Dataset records
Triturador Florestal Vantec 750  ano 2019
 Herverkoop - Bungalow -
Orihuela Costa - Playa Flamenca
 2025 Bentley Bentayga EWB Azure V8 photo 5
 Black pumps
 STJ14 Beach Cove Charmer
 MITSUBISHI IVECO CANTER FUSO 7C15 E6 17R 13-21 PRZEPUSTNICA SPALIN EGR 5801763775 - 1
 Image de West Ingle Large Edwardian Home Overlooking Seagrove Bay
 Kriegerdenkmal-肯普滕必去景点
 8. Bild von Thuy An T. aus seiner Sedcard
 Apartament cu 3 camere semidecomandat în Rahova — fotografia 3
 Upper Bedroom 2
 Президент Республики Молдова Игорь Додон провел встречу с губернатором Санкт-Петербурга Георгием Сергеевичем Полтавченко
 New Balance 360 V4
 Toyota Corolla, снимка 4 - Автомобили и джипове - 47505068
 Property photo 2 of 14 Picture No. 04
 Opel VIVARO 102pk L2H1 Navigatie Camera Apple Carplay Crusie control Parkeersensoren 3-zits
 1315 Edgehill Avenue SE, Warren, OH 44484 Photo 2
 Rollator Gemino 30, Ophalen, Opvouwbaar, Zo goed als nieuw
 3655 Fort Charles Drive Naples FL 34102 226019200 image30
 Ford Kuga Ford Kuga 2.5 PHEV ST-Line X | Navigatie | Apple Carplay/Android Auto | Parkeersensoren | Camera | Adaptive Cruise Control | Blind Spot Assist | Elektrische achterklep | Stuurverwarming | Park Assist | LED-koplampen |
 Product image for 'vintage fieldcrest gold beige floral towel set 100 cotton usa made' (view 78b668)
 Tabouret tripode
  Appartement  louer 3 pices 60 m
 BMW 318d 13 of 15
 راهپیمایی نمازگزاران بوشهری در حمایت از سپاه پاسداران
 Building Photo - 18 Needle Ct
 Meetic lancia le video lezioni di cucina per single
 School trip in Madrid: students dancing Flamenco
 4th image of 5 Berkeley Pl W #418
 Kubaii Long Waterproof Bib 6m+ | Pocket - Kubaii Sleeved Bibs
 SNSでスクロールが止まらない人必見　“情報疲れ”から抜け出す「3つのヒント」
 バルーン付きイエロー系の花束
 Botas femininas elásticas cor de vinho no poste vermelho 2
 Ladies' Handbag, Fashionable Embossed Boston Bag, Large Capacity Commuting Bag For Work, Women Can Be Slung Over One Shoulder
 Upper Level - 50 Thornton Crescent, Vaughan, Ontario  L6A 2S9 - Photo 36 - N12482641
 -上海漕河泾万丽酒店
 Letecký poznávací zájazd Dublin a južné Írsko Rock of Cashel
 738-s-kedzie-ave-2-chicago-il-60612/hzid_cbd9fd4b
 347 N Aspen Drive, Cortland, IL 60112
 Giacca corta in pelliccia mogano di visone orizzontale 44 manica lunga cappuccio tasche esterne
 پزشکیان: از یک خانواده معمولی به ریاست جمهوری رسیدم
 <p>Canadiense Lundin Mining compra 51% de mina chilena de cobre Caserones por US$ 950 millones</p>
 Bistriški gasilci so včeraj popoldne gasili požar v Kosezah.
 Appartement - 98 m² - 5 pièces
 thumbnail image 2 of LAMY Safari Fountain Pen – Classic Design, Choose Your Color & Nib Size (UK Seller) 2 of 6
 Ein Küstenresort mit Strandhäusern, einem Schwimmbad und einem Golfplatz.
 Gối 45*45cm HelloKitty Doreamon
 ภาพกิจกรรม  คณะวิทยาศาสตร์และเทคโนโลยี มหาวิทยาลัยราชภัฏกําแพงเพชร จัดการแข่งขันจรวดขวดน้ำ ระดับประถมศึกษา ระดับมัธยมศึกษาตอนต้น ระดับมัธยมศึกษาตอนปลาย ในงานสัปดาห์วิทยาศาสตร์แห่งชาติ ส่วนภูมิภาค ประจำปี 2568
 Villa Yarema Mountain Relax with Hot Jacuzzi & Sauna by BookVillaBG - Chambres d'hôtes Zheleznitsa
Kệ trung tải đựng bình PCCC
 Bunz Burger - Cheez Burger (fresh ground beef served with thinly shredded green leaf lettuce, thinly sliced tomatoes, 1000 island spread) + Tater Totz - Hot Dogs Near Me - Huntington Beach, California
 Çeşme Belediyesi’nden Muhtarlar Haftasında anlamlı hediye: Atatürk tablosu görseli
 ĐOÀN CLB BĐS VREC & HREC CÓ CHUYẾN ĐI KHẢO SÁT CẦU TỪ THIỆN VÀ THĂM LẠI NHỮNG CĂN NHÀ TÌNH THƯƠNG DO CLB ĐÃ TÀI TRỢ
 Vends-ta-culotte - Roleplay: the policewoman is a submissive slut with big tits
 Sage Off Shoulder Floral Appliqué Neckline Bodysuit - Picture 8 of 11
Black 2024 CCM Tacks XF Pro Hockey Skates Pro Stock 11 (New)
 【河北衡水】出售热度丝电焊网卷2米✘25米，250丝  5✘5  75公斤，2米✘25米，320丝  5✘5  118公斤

> [EXERCISE]:
The word "Apple": say how many lines of the records hold it, and give nothing but the number.

> [TASK ANSWER]:
2